• [Data supplied]
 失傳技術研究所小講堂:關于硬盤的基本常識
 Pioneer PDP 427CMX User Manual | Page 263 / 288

* * *

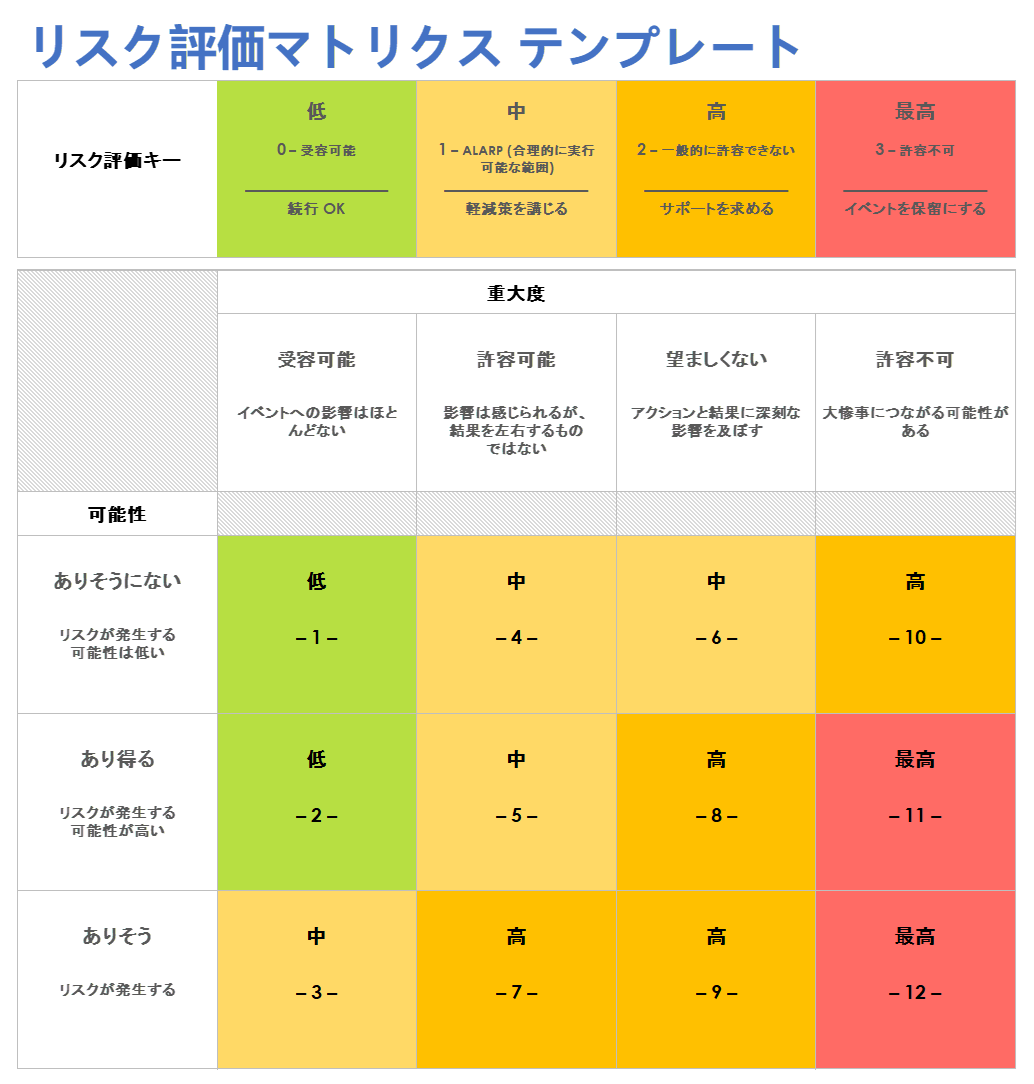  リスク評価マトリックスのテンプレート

...

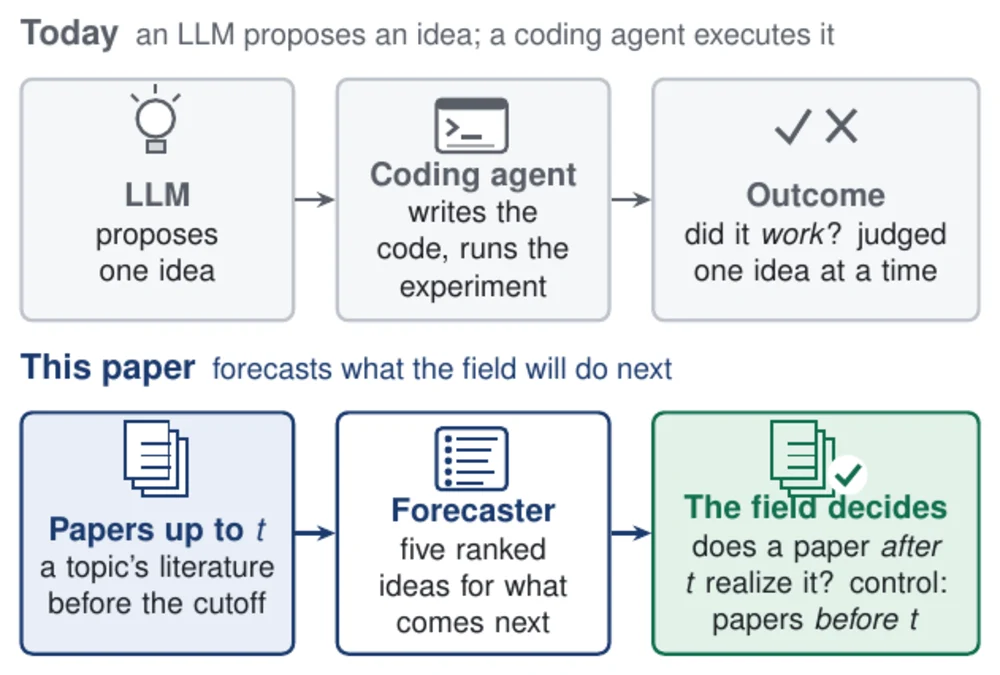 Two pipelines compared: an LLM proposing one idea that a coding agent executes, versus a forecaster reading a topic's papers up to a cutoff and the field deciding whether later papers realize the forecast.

• [Your assignment] In the entries above, find the line with "失傳技術研究所小講堂:關于硬盤的基本常識" and the line with "Pioneer PDP 427CMX", then restate word for word both of them and every line between, with nothing more.

• [Answer below]
 失傳技術研究所小講堂:關于硬盤的基本常識
 Pioneer PDP 427CMX User Manual | Page 263 / 288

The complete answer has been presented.